• Material supplied:
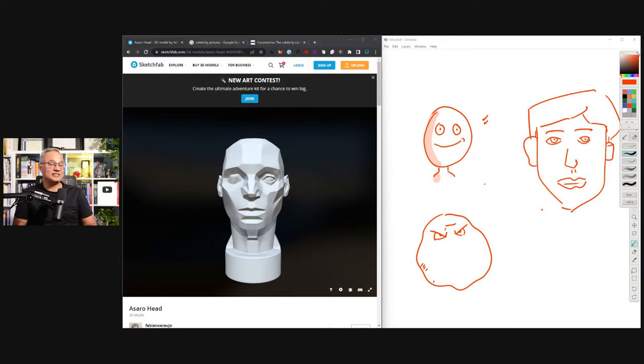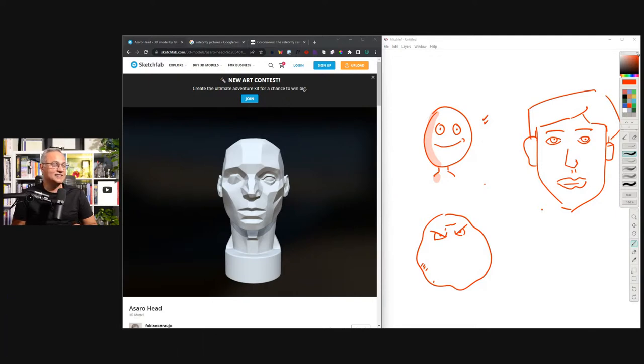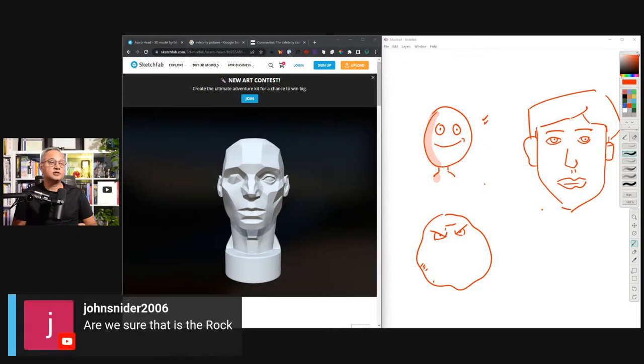Let's see how the comments are going. Siddhartha says 'love your drawings' — thank you very much. Johnson says 'he looks angry' — yes. Robin, hopefully you recover soon, prayers. John Snyder says 'are we sure that is The Rock?' — I have no idea, if he's The Rock then he is The Rock.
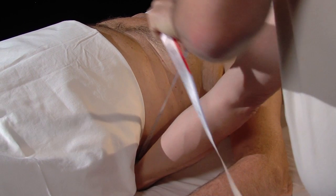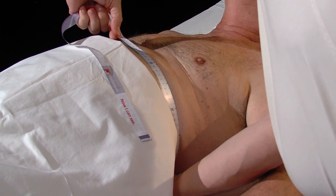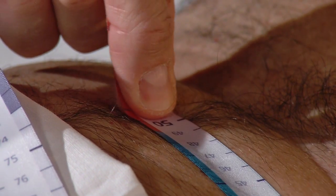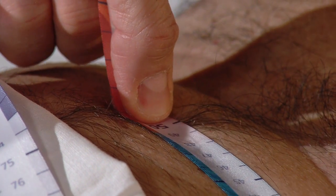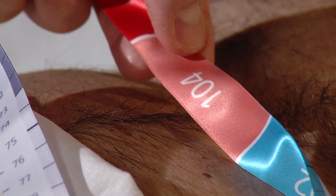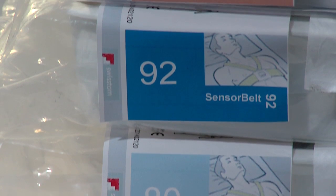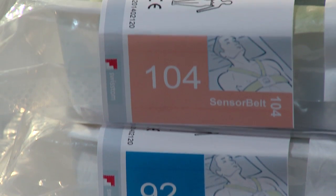Embrace the chest semi-perimeter from spine to mid sternum with the measuring tape and read half the chest circumference on the CM scale. In this example the value is 50 cm. Each centimeter value corresponds to a sensor belt size — the size here is 104.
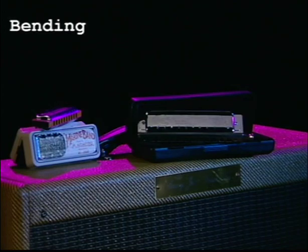Let's now go into bending. First of all, let's talk a little bit about what bending is. The harmonica was never meant to be bent. We have certain notes that are available to us, basically seven notes. We've got a C harmonica — it's meant to play what's called the C major scale.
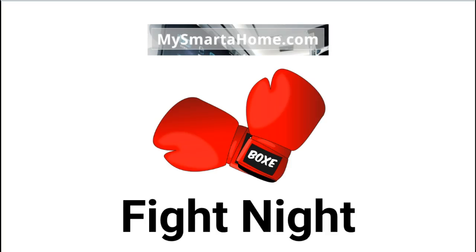Hello and welcome to this video everyone. Another in the Fight Night series brought to you by James from MySmarterHome.com. My Fight Night series of videos contain comparisons of popular smart devices and to make it more light-hearted and interesting I use a boxing match format. After each round I will tell you who in my opinion has won and at the end of the comparison I will declare an overall winner.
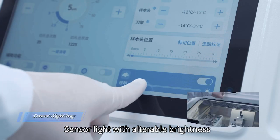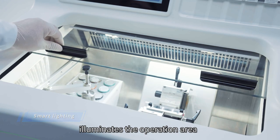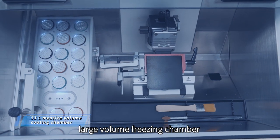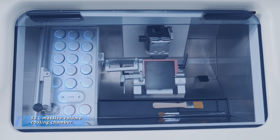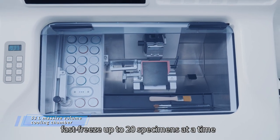Sensor light with adjustable brightness illuminates the operation area. The CT520 has a 53-liter large-volume freezing chamber. The freezing shelf is able to fast-freeze up to 20 specimens at a time.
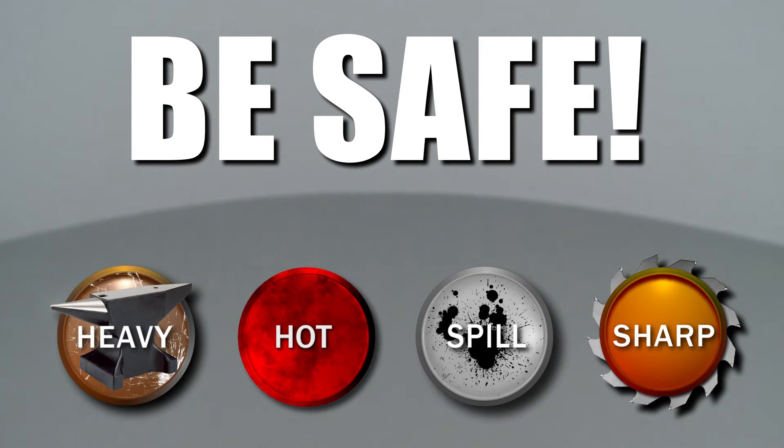Repair Clinic encourages you to perform this procedure safely. In this video, we will show one or more of these icons to alert you when to use caution.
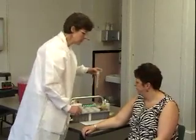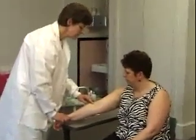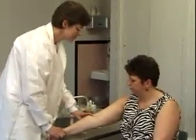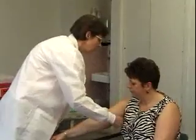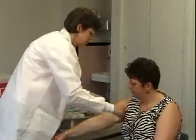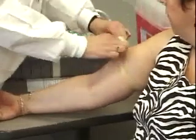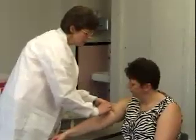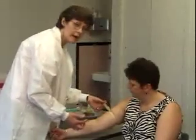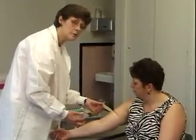The first thing we're going to do is put our tourniquet three to four inches above the antecubital area. This is the choice site that you would want to stick somebody for a blood sample. You want to make sure that you do the loop over the top so that it doesn't hang down in your way, and also so you can release it with one hand, because at the very end of the procedure you're only going to have one hand free to release the tourniquet.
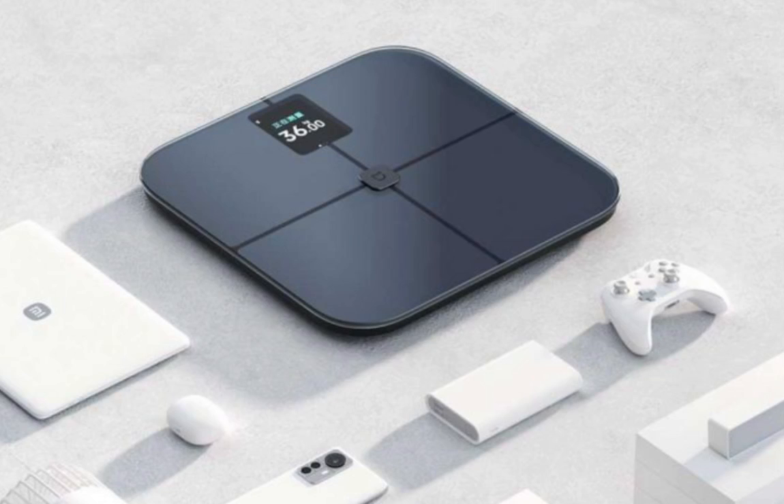The Xiaomi Mijia Body Fat Scale S400 Pro is more than just a scale — it's a complete body composition analyzer designed to help you take charge of your health. Equipped with advanced technology, sleek design, and user-friendly features, this device is perfect for anyone who monitors their body metrics in detail.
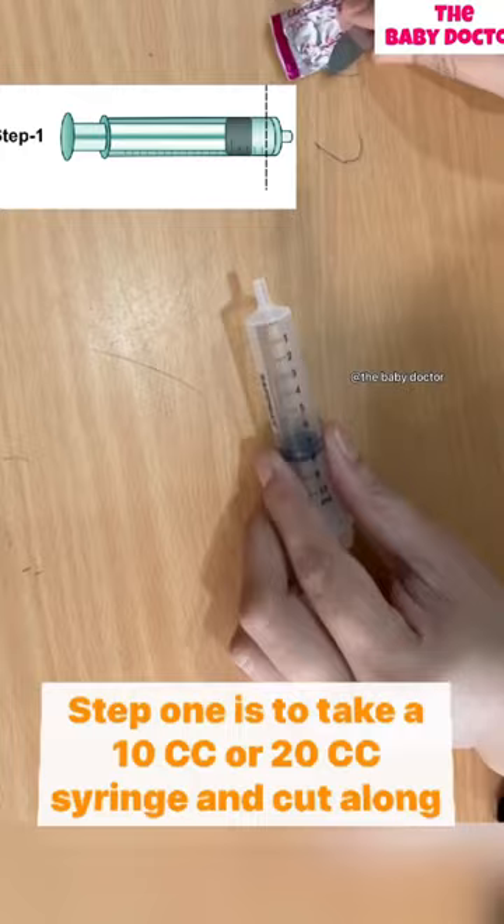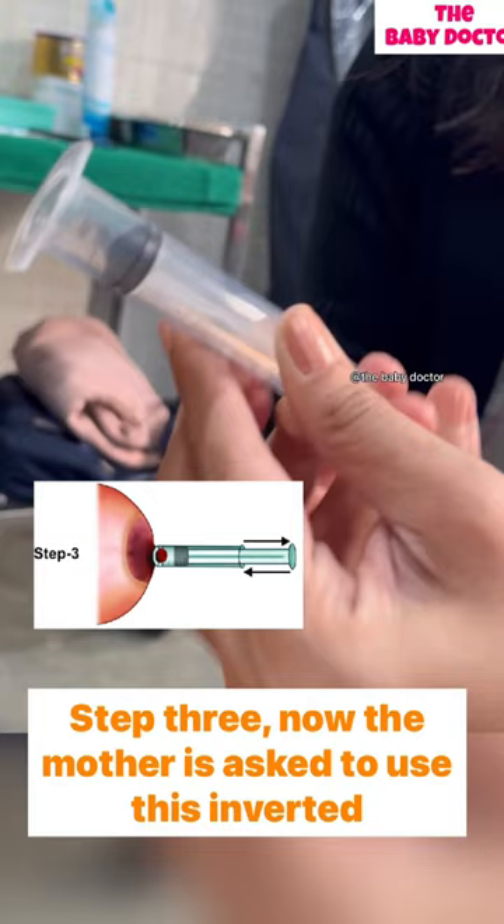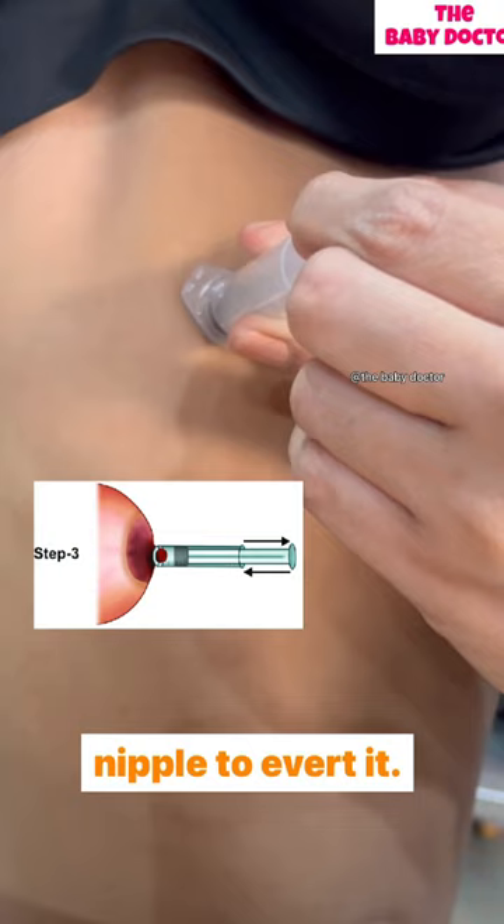Step 2: remove the plunger from its original place and insert it from the cut end. Step 3: the mother is asked to use this inverted syringe and apply a gentle negative pressure around the nipple to avert it. This procedure can be repeated before each breastfeed for as long as required.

• What is needed: All lines above from the one containing "Hello and welcome" up to and including the one containing "The Xiaomi Mijia" are to be set down exactly, and nothing else. Leave images out.

• Solution for this problem:
Hello and welcome to this video everyone. Another in the Fight Night series brought to you by James from MySmarterHome.com. My Fight Night series of videos contain comparisons of popular smart devices and to make it more light-hearted and interesting I use a boxing match format. After each round I will tell you who in my opinion has won and at the end of the comparison I will declare an overall winner.
Sensor light with adjustable brightness illuminates the operation area. The CT520 has a 53-liter large-volume freezing chamber. The freezing shelf is able to fast-freeze up to 20 specimens at a time.
Repair Clinic encourages you to perform this procedure safely. In this video, we will show one or more of these icons to alert you when to use caution.
The first thing we're going to do is put our tourniquet three to four inches above the antecubital area. This is the choice site that you would want to stick somebody for a blood sample. You want to make sure that you do the loop over the top so that it doesn't hang down in your way, and also so you can release it with one hand, because at the very end of the procedure you're only going to have one hand free to release the tourniquet.
The Xiaomi Mijia Body Fat Scale S400 Pro is more than just a scale — it's a complete body composition analyzer designed to help you take charge of your health. Equipped with advanced technology, sleek design, and user-friendly features, this device is perfect for anyone who monitors their body metrics in detail.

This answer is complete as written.